Dubious history for DetroitThe silence in the Detroit Lions’ locker room was so heavy it was practically suffocating. No laughter, no post-game jokes, certainly no congratulations for a job well done. Just the occasional sound of luggage being zipped up at the close of a hideous season historic for all the wrong reasons. And really, with derisive chants of “Oh-and-16! Oh-and-16!” still ringing in their ears, was there anything left to say?
GREEN BAY, Wis. (AP) — The silence in the Detroit Lions’ locker room was so heavy it was practically suffocating.
No laughter, no post-game jokes, certainly no congratulations for a job well done. Just the occasional sound of luggage being zipped up at the close of a hideous season historic for all the wrong reasons.

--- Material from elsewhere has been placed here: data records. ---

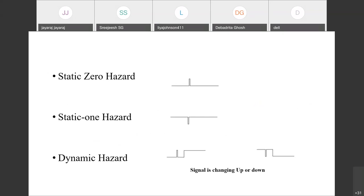We have various hazards in combinational circuits. A static zero hazard means the signal is static at zero but an unwanted spike to one occurs. Static one hazard means the output should be static at one but an unwanted high-to-low transition occurs. Dynamic hazard means the signal transitions intermittently — high to low and low to high transitions are both happening. These kinds of hazards should not be present in circuit design.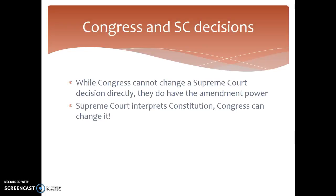Congress cannot change a Supreme Court decision directly; however, they do have the amendment power. If an amendment is passed, the Supreme Court has to take that into account. For example, had Congress managed to pass an amendment barring same-sex marriage, the Supreme Court would never have been able to rule that barring LGBT couples from marriage is unconstitutional. The Supreme Court interprets the Constitution, but Congress can change it through amendment. That's all for now — I'll see you all tomorrow. Have a good afternoon.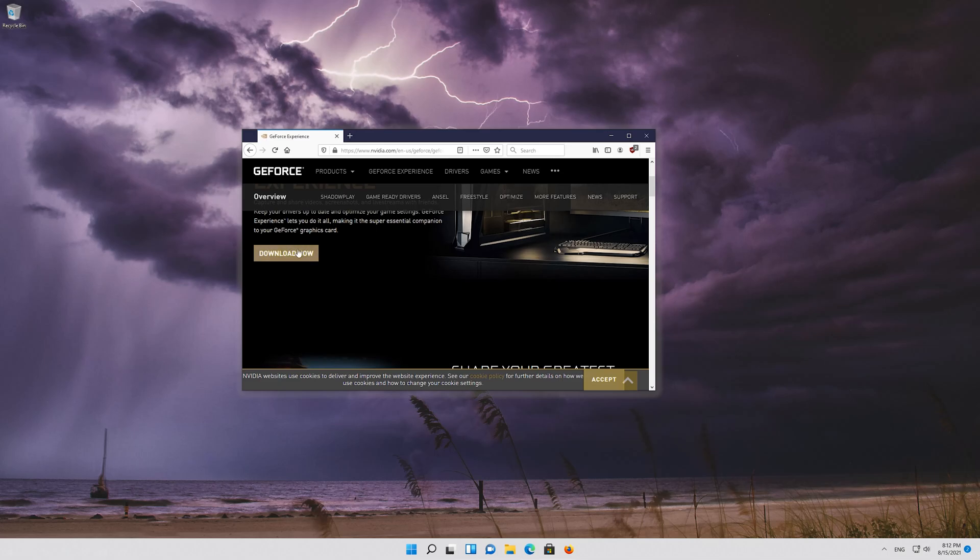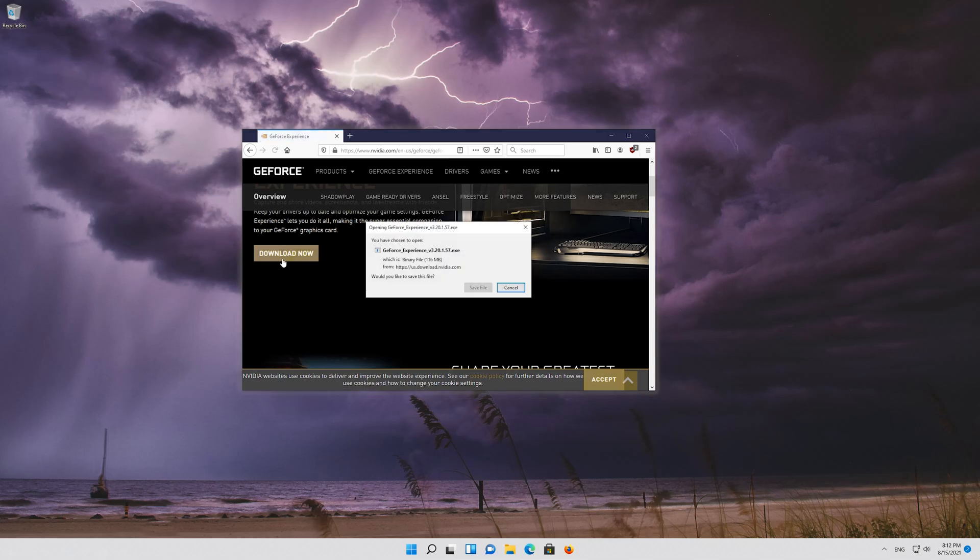You can also click on the driver tab. Press download now. Save the file.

And really, with derisive chants of “Oh-and-16! Oh-and-16!” still ringing in their ears, was there anything left to say?
“It’s over now. We’re 0-16,” rookie running back Kevin Smith said. “I wish it was just a dream. I wish I could wake up and it’d be over. But it’s not.”
The Lions didn’t even bother trying to put a brave face on this one. With a 31-21 loss to the Green Bay Packers on Sunday, Detroit solidified its claim as the worst team in NFL history. Sixteen games, 16 losses.
“0-16,” one sign read, “The Perfect Season.”
“You never expect it to happen when you’re starting the season,” said kicker Jason Hanson, the longest-tenured Lion. “Obviously, what we did here was not good.”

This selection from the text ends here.